Perde-se a integridade física, porquanto a violência é institucionalizada no interior do cárcere. Aliás, as violências física, psicológica e sexual são consideradas decorrências automáticas da maioria dos estabelecimentos prisionais brasileiros.
Perde-se a possibilidade de procurar um Advogado. Perde-se, inclusive, a possibilidade de fiscalizar a atuação do seu Advogado. O preso tem apenas três possibilidades: contar com a Defensoria Pública – sempre qualificadamente atuante -, contratar Advogados desesperados que, de forma antiética, fazem mutirão no sistema prisional ou esperar que seus familiares encontrem um Advogado que possa defendê-lo no processo criminal ou na execução penal. Caso não tenha familiares ou o crime tenha causado o afastamento deles, a terceira opção é prontamente descartada.
No contexto atual do sistema prisional brasileiro, perde-se, da mesma forma, a dignidade da pessoa humana.

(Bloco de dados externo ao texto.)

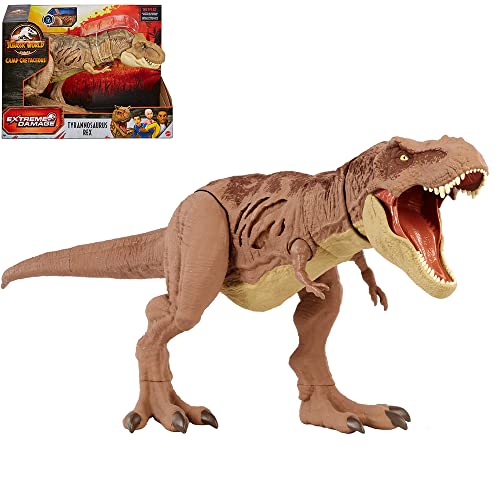 【ポイント消化】マテル ジュラシックワールド(JURASSIC WORLD) ダメージ T-レックス 全長:43 4歳~ GWN26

O preso passa a ser apenas um objeto de exteriorização das nossas frustrações sociais e morais e da incapacidade governamental de gerir políticas públicas e recursos financeiros.
Perde-se, inclusive, a possibilidade de cumprir a pena de modo a possibilitar a harmônica integração social do condenado (art. 1º da Lei de Execução Penal), pois, em presídios faticamente administrados por facções e milícias, a prática de crimes em favor desses “administradores” é “conditio sine qua non” para permanecer vivo.
Com exceção da perda temporária da liberdade, todas as outras perdas ocorrem em flagrante inconstitucionalidade e ilegalidade. No Brasil, os preceitos secundários dos tipos penais, em sua maioria, prevêem apenas “reclusão/detenção, de x meses/anos a x meses/anos”. Não há previsão de perda da dignidade, insegurança quanto à continuidade da vida, violência física, psicológica e sexual etc.
Se não exigirmos o cumprimento das normas constitucionais e legais relativas à execução penal, podemos comemorar ou estar satisfeitos com a prisão de alguém? Podemos comemorar a punição de uma ação ou omissão ilícita (crime) por meio de uma situação ilícita (cumprimento de pena no sistema prisional brasileiro)?
Se punirmos de forma ilícita, quem nos punirá?